*** Working data

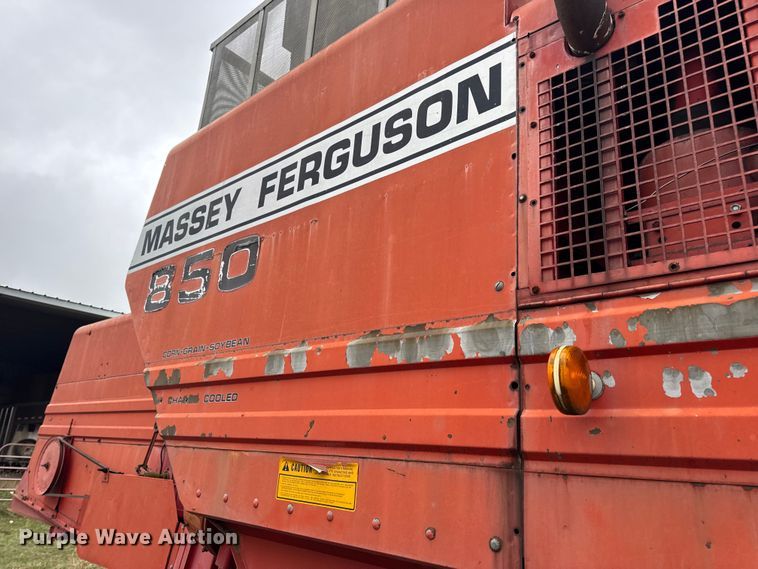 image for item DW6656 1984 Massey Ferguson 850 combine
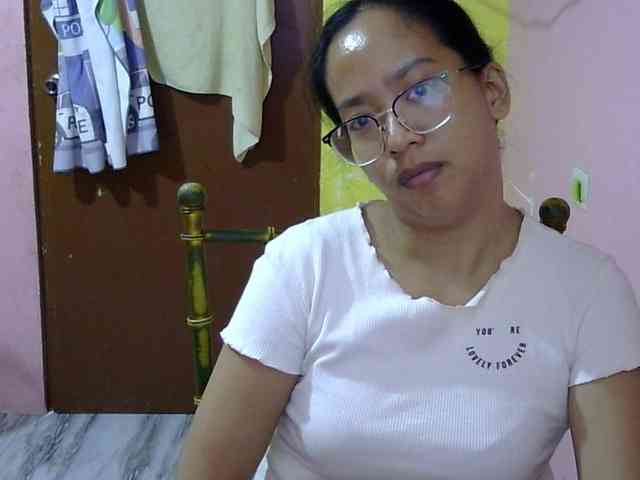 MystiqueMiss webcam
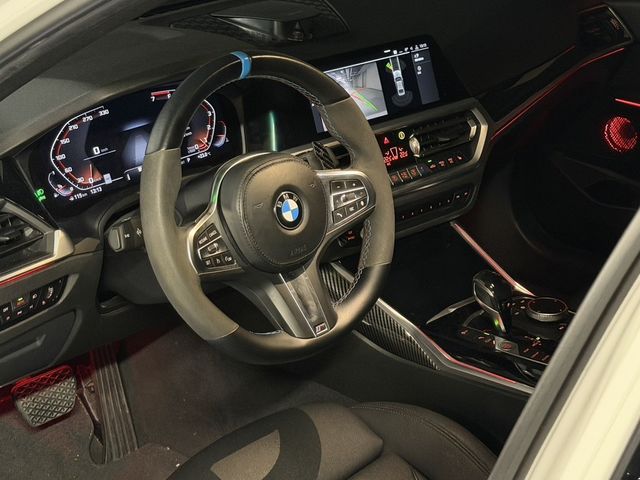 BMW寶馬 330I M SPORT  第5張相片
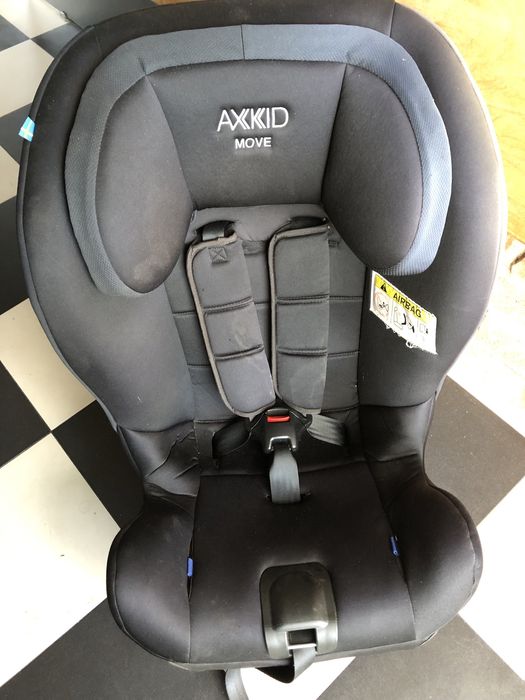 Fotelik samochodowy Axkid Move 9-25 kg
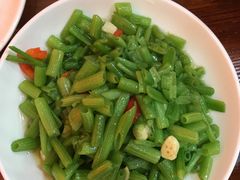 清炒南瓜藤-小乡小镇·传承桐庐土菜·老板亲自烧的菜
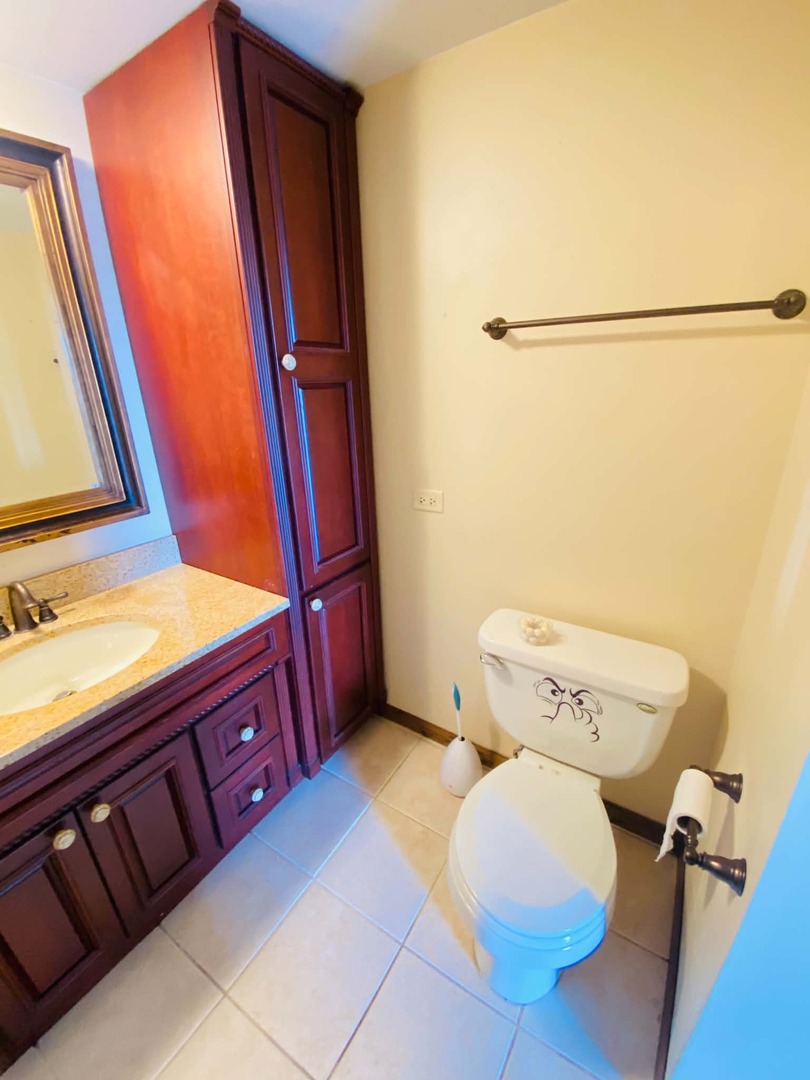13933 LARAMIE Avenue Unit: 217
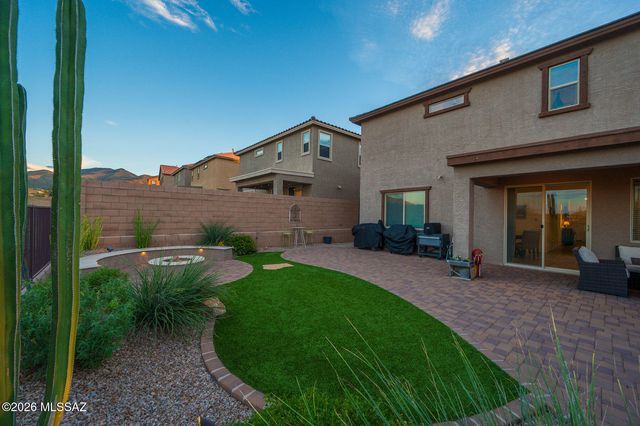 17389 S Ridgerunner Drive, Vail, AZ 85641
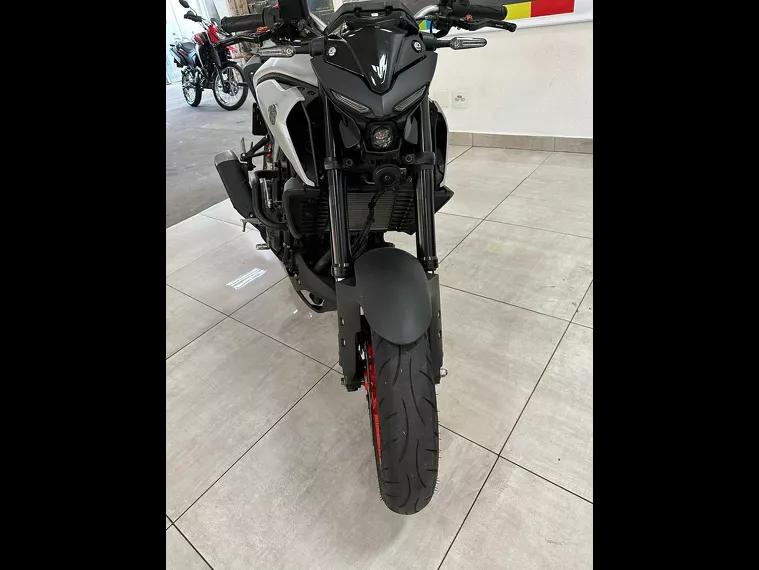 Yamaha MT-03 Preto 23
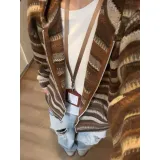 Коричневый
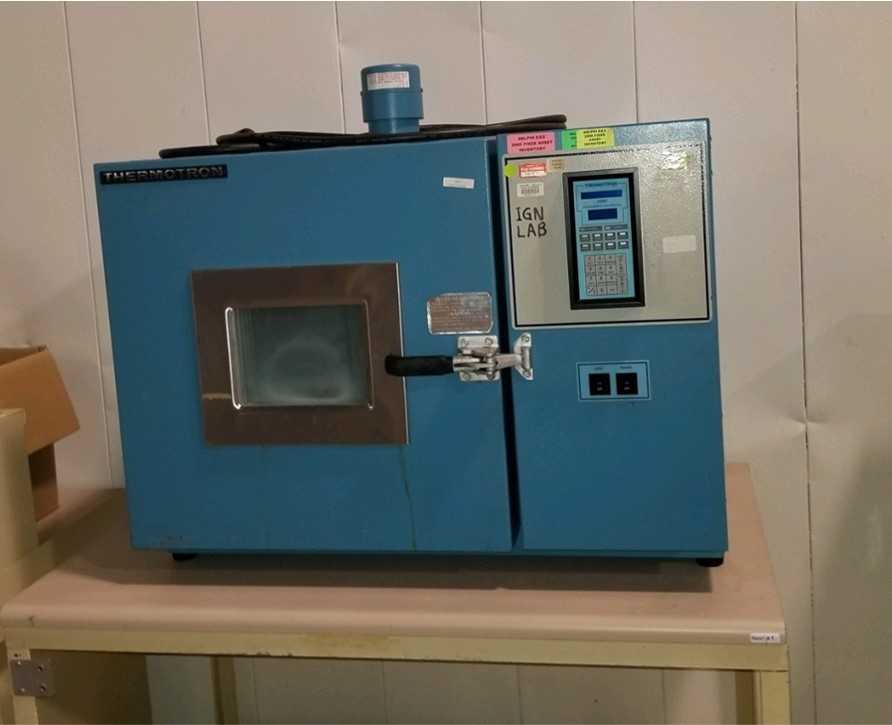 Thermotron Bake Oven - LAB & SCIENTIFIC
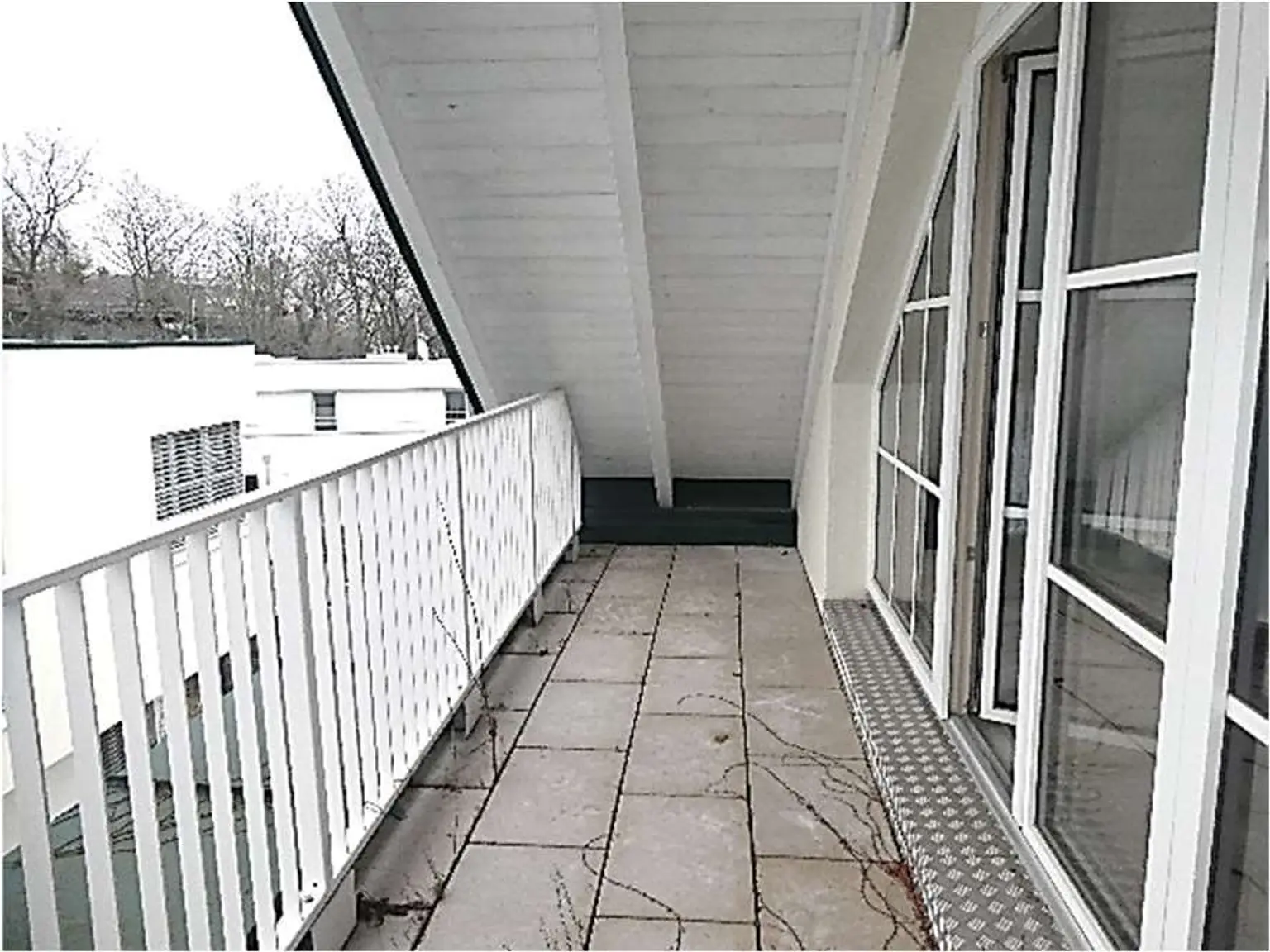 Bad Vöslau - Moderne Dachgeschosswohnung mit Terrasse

******

#### Your task:
Your copy should hold every record word for word and none of the pictures.

#### Exercise response:
 image for item DW6656 1984 Massey Ferguson 850 combine
 MystiqueMiss webcam
 BMW寶馬 330I M SPORT  第5張相片
 Fotelik samochodowy Axkid Move 9-25 kg
 清炒南瓜藤-小乡小镇·传承桐庐土菜·老板亲自烧的菜
13933 LARAMIE Avenue Unit: 217
 17389 S Ridgerunner Drive, Vail, AZ 85641
 Yamaha MT-03 Preto 23
 Коричневый
 Thermotron Bake Oven - LAB & SCIENTIFIC
 Bad Vöslau - Moderne Dachgeschosswohnung mit Terrasse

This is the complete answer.